The input contract the database must accept is deliberately narrow:

Node inputs — every recipe and ingredient has an immutable identifier (recipe_id, ingredient_id, both UUIDs) that is decoupled from vendor naming. Vendor SKUs and display names change; the graph key must not.
Edge inputs — each parent→child relationship supplies a raw_quantity (NUMERIC, never a float) and a raw_uom string that must resolve against a canonical unit table. Edges also carry effective date ranges (valid_from, valid_to) so the same recipe can hold multiple historical shapes.
Price inputs — leaf costs arrive separately from the graph, keyed by (ingredient_id, location_id, effective_date).
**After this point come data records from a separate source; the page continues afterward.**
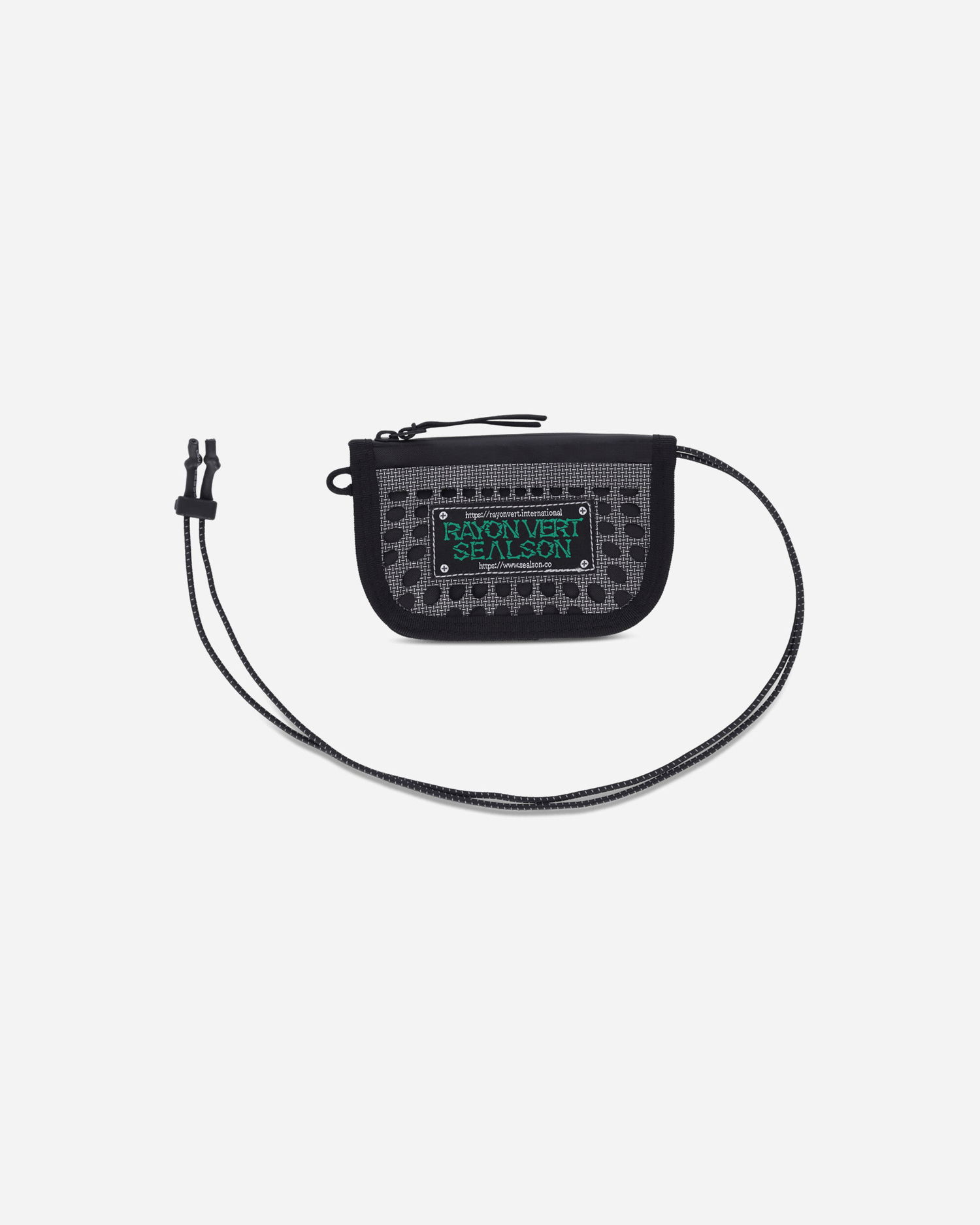 Портфейл Rayon Vert Neck Wallet Черно | S5RVAC04 BLACK, 0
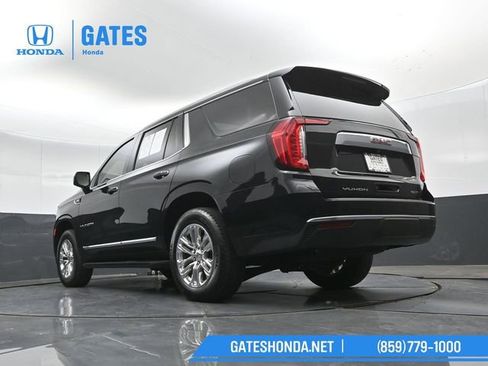 Used 2023 GMC Yukon SLT w/ SLT Premium Package AWD/4WD image 50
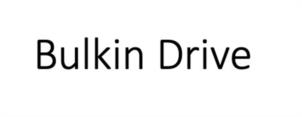 Bulkin Drive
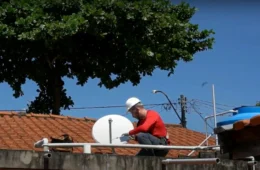 Inscrição para receber a nova parabólica digital gratuita já estão abertas no Amazonas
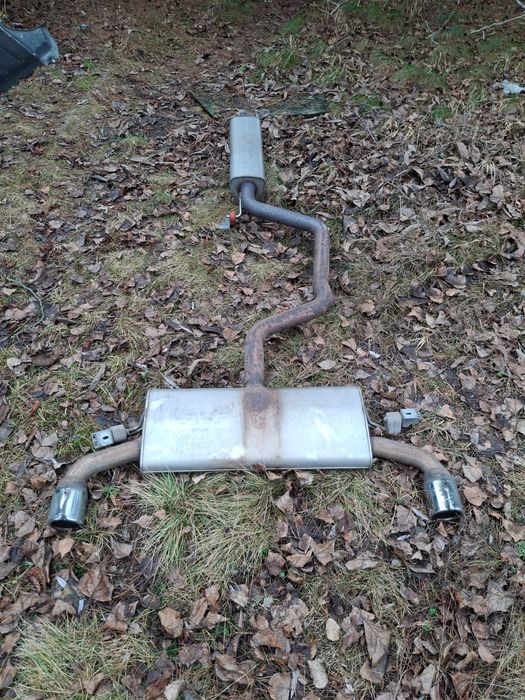 Wydech VW Golf VII GTI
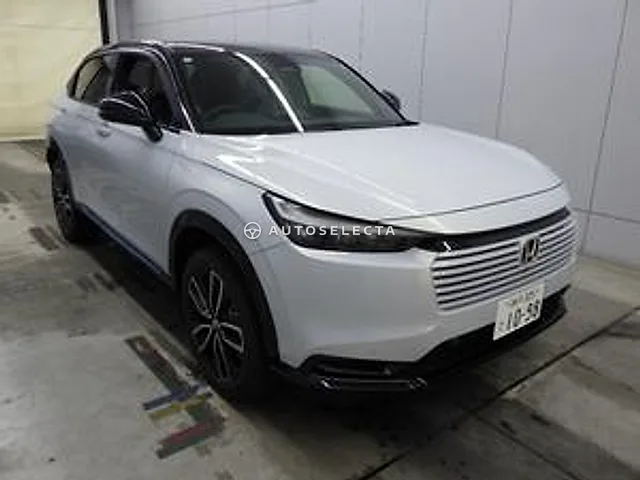 Honda Vezel 2026, auction grade S
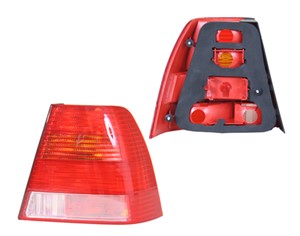 Takavalo, Oikea, VW BORA I, 1J5 945 096AA, 1J5 945 096AB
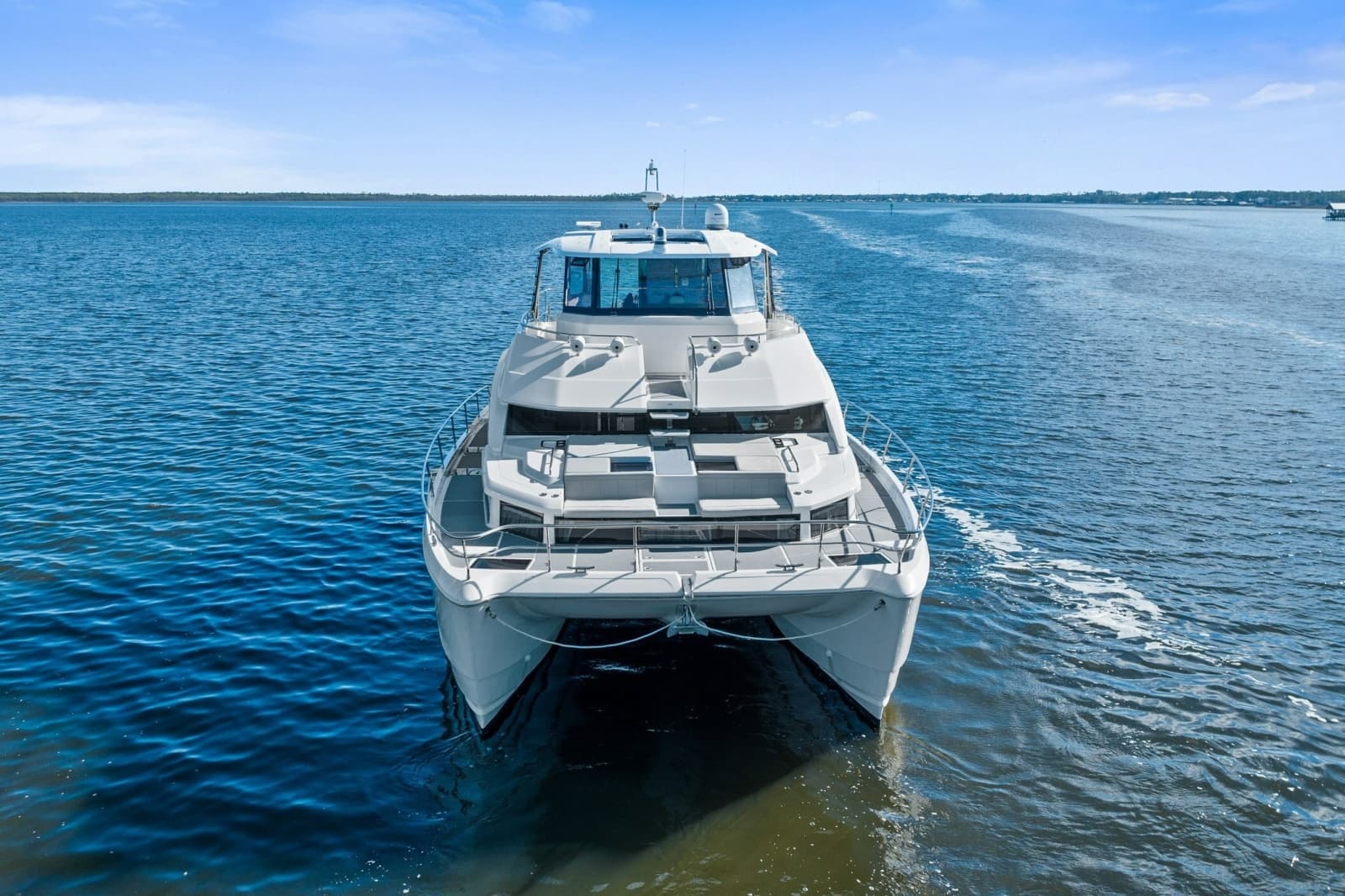 2021 Aquila 54 Yacht - Photo 4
Costs are never stored on the BOM edge itself; storing them inline destroys the audit trail and couples recipe structure to procurement volatility.
Yield inputs — a yield_factor per node in the range (0, 1] supplied by the yield factor calculation frameworks that translate raw purchase weights into usable edible portions.

The output contract is a single materialized row per (location_id, recipe_id): a theoretical_cost as NUMERIC(12,4), a sync_timestamp, and a bom_version reference. That row is what downstream consumers read — the sales-side reconciliation described in the POS taxonomy mapping layer joins against exactly this table to compute theoretical-versus-actual variance. Any consumer should be able to read a cost without ever traversing the graph itself.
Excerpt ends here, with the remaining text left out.